6 replies on “Slow Growth Tucson”

  1. Mr. Smith,

    This is a very astute article but you fail to understand that until the patients and caregivers can grow the herb (which in fact Prop 203 is written for that very purpose), the program for MMJ is not going to get off the ground and be anything but the smalltime cabal it currently is, under the regime of the Republican cabal up there in Phoenix that has Will Humble’s balls in their back pocket. Tucson has more than their fair share of dispensaries that are putting the ka-ching into the local economy and paying folks better than slave wages to work as the bud tenders. Change the rules and then the patients (there are 40,000 currently and only 700 dispensary agents) would make the local economy start buzzing with the green business of collectives, grow stores, cooking and growing classes. Having the dispensaries run a monopoly and growing thousands of pounds of herb is not going to fly since the numbers are flat lined because of the expensive fees, no grow rights and just the assholes up there at AZDHS that are doing everything in their power to chase the patients off including having a police confidential informant in charge of the day-to-day operations of the MMJ program. Don’t believe me call TPD and ask them why their po-po over at Pima County Narcotics have Tina Wesoloskie (head of the MMJ program at AZDHS) on speed dial?

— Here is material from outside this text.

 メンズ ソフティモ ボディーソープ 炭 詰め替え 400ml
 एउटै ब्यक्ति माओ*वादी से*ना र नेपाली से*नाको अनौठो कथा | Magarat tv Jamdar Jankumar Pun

  2. Yeah, this is the reason Tucson’s economy is slow. It’s certainly not because any time any significant business tries to open here, the powers that be turn it into a giant political football and drive said business away.

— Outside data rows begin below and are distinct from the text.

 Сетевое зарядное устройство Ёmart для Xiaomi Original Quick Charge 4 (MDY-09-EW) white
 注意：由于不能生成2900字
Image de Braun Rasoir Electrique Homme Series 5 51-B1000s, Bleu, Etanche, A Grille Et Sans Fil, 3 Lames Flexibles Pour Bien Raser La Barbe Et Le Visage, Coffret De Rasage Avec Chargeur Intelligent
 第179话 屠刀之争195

  3. Paul Cunningham stating that in order to change the ordinance, “there would have to be public hearings and study sessions and lots of thinking and planning in the halls of government”, demonstrates exactly why it takes so long to get any change accomplished in Tucson. While the city council is caught up in all of their bureaucratic baloney and hoop jumping, people who could already be working will remain unemployed and/or on food stamps and unable to contribute to or participate in, our local economy.

    It would take one person less than a day to gather information and statistics regarding the up and down sides of allowing larger commercial growing operations (perhaps ‘borrowing’ some of that information from our neighbors to the north, who already allow growth operations of that size) and to prepare a report on the findings to present to the city council. After that, why would it require the numerous “… public hearings and study sessions and lots of thinking and planning”?

    No wonder our local economy is so stagnant, when change is always mired down by the convolutions required by the city council.

  4. Well that’s a new slant about slow growth in Tucson. I thought it was because we had too many Progressives here who didn’t like business and that we have too much crime here. Sure a lot of people with diseases and chronic pain that need the weed. Yea…

  5. 150 jobs pales next to the (est.) 1000 jobs GCU wanted to bring here. Average pay was alleged to have been 60k. City council said nyet.

  6. Blkojo:
    No offense but GCU was never really going to come here. They were just using us for leverage to get what they wanted for a campus in the Phoenix Valley. Could you just think of a campus like that at the old El Rio Golf Course. The local gang bangers wanted to be able to drive through the campus any time they wanted. There was zero chance for them coming here.